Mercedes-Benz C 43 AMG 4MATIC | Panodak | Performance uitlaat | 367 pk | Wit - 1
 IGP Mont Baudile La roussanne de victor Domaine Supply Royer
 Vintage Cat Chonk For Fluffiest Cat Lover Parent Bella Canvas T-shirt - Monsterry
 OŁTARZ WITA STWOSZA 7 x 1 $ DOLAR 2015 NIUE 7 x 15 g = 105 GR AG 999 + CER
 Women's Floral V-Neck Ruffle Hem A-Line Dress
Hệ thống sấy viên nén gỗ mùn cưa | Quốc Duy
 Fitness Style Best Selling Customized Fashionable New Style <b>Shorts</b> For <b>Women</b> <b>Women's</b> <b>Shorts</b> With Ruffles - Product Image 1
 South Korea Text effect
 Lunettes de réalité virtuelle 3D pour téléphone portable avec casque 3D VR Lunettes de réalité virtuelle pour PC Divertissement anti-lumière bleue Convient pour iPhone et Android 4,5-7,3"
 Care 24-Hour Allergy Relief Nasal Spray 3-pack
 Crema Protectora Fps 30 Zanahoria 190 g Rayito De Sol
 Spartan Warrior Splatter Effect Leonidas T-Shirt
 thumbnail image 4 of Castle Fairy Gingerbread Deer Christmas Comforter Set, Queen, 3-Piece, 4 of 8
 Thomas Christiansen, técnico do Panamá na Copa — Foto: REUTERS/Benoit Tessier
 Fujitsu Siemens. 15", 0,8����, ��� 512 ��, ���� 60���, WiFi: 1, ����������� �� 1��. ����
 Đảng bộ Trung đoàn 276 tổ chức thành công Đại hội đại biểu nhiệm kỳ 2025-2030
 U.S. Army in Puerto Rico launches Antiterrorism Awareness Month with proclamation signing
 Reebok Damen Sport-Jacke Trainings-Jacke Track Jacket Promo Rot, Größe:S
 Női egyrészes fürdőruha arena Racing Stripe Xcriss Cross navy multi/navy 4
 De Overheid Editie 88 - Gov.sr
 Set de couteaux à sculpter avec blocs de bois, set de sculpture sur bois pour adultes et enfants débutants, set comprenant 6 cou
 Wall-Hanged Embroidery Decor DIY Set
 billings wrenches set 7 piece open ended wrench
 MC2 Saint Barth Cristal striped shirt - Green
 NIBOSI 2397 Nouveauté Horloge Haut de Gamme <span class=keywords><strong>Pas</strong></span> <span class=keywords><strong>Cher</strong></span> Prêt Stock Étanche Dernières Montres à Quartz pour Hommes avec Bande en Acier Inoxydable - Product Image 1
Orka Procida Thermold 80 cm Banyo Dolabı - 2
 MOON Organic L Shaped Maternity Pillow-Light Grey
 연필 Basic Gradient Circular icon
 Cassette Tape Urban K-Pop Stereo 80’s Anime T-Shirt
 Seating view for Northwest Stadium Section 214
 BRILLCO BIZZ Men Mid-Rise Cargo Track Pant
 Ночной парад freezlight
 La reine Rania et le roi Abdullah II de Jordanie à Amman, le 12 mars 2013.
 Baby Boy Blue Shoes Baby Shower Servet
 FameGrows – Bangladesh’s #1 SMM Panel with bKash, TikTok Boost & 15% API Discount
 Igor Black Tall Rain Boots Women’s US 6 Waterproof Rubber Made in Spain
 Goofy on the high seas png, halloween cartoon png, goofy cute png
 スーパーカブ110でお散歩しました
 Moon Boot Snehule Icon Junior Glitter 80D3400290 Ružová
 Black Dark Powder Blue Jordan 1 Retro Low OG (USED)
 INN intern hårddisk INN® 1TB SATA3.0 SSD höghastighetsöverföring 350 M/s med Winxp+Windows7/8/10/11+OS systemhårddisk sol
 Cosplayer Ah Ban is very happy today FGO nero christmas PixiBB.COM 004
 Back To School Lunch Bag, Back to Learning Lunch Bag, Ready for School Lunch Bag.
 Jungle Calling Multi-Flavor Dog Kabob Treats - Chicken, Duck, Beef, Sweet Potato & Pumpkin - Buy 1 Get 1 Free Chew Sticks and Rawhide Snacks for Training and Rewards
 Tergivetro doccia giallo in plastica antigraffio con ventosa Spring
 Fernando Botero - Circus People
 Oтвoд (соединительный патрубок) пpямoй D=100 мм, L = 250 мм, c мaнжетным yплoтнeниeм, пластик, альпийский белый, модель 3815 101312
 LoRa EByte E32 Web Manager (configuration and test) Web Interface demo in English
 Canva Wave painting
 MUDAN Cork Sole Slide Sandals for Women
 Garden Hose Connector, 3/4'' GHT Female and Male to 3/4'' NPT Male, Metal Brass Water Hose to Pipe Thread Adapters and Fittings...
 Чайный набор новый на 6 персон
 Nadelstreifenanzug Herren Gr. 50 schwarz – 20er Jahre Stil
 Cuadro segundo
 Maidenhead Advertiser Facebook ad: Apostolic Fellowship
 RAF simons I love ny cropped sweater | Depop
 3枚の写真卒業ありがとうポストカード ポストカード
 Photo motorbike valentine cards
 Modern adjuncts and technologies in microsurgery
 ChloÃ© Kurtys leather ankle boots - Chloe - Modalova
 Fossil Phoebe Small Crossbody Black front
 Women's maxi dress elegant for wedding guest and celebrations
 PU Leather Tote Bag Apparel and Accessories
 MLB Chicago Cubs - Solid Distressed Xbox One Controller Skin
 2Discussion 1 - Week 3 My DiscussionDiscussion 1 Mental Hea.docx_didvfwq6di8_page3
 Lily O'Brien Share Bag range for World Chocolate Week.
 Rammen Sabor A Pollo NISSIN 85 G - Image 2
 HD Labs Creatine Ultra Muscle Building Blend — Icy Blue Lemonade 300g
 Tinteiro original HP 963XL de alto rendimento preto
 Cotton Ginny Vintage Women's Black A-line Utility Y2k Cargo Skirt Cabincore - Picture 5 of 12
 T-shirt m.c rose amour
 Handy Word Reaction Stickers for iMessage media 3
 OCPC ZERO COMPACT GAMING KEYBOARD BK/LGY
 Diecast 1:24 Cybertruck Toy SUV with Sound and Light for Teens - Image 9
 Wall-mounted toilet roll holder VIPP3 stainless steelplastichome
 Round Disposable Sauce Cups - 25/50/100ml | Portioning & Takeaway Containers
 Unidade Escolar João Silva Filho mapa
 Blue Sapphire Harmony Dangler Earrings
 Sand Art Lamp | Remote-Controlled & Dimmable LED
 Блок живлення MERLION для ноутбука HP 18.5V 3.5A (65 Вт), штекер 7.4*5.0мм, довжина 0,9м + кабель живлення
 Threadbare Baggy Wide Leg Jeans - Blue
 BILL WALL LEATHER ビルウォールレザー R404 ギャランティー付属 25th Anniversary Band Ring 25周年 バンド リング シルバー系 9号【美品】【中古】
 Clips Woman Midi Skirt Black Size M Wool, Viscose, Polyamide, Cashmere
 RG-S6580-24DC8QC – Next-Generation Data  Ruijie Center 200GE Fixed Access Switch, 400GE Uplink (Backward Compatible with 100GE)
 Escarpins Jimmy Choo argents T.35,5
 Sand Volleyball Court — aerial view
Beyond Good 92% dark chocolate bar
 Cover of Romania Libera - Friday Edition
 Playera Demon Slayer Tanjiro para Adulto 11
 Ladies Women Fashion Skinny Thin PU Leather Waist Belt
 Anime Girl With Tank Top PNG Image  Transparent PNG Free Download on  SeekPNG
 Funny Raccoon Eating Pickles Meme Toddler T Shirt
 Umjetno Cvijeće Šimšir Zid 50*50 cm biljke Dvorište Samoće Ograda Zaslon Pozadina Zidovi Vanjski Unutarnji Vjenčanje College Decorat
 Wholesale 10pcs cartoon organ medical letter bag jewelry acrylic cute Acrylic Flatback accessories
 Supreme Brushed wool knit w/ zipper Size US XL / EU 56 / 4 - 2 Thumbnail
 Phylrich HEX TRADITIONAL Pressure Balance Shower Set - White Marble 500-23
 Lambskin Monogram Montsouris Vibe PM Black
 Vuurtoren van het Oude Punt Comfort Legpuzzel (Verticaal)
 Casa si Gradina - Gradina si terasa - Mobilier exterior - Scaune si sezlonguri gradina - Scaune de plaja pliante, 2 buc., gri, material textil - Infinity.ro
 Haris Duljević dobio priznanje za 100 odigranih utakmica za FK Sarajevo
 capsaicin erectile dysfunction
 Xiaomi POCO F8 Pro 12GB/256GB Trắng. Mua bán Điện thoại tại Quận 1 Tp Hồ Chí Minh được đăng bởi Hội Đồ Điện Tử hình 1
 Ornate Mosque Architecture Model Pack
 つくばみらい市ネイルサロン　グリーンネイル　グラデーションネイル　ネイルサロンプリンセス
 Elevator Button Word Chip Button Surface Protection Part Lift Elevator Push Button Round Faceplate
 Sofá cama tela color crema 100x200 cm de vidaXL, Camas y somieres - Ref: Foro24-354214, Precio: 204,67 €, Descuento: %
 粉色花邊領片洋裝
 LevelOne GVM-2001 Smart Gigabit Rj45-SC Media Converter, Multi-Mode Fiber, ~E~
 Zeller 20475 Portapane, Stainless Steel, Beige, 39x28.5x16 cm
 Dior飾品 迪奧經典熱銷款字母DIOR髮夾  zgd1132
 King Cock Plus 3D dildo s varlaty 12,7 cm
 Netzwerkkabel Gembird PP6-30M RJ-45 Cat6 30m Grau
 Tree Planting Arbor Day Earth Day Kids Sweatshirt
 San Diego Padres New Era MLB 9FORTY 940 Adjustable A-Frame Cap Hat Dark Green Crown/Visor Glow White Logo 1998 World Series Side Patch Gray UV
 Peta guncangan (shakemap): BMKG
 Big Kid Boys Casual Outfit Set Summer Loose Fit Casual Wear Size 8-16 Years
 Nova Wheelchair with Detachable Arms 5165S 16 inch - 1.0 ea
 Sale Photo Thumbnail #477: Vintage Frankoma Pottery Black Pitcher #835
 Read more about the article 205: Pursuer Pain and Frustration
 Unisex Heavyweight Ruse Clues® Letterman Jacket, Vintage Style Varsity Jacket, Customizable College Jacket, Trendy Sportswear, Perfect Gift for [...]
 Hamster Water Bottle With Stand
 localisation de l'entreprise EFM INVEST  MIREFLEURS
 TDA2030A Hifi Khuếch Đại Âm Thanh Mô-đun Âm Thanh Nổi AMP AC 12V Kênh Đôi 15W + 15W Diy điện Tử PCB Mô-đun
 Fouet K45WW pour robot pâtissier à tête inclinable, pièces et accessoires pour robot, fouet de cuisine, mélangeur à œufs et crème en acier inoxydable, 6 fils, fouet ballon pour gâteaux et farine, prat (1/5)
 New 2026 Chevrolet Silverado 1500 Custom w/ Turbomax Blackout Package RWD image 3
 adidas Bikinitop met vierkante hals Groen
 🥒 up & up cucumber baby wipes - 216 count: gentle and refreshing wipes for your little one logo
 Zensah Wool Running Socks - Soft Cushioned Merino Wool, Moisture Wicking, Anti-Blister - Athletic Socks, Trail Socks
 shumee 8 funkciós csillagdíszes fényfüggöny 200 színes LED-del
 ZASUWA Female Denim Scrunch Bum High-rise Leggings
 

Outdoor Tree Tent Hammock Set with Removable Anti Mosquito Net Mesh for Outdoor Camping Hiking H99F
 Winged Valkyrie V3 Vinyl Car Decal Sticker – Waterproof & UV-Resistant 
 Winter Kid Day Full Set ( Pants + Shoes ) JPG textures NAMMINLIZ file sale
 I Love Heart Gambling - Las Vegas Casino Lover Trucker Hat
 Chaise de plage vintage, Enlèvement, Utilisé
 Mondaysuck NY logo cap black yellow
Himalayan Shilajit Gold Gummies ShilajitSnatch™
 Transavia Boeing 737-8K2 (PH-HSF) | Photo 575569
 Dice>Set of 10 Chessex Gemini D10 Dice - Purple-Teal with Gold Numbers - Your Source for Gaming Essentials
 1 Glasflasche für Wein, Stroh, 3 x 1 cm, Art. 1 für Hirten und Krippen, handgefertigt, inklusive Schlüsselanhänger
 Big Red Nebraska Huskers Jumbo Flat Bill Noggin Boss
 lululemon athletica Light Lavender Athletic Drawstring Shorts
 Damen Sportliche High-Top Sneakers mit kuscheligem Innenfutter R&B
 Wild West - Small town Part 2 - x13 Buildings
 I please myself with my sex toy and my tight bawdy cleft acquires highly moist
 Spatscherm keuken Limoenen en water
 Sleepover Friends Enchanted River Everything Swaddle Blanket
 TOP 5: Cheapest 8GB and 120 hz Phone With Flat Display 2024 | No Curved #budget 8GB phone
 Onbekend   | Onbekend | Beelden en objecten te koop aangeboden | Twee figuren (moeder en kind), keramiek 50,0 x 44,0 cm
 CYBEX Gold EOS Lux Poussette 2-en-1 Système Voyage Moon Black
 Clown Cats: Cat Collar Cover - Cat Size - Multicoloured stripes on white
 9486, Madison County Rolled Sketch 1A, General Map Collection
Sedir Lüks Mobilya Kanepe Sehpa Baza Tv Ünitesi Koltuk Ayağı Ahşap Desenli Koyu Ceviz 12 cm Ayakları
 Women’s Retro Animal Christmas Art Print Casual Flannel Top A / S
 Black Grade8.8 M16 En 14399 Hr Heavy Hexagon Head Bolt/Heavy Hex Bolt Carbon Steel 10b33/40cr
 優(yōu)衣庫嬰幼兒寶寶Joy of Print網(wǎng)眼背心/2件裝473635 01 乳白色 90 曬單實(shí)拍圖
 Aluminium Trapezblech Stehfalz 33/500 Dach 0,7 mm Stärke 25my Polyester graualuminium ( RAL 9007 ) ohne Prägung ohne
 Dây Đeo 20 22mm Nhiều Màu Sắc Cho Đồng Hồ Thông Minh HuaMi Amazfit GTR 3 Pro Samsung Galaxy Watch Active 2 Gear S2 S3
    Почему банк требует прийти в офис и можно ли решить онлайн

▸ **Exercise instructions**: Could you retype exactly the lines above, starting at the line that contains "Funny Raccoon Eating" and ending at the line that contains "Lambskin Monogram Montsouris Vibe PM Black", and nothing more?

▸ **Reply**:
 Funny Raccoon Eating Pickles Meme Toddler T Shirt
 Umjetno Cvijeće Šimšir Zid 50*50 cm biljke Dvorište Samoće Ograda Zaslon Pozadina Zidovi Vanjski Unutarnji Vjenčanje College Decorat
 Wholesale 10pcs cartoon organ medical letter bag jewelry acrylic cute Acrylic Flatback accessories
 Supreme Brushed wool knit w/ zipper Size US XL / EU 56 / 4 - 2 Thumbnail
 Phylrich HEX TRADITIONAL Pressure Balance Shower Set - White Marble 500-23
 Lambskin Monogram Montsouris Vibe PM Black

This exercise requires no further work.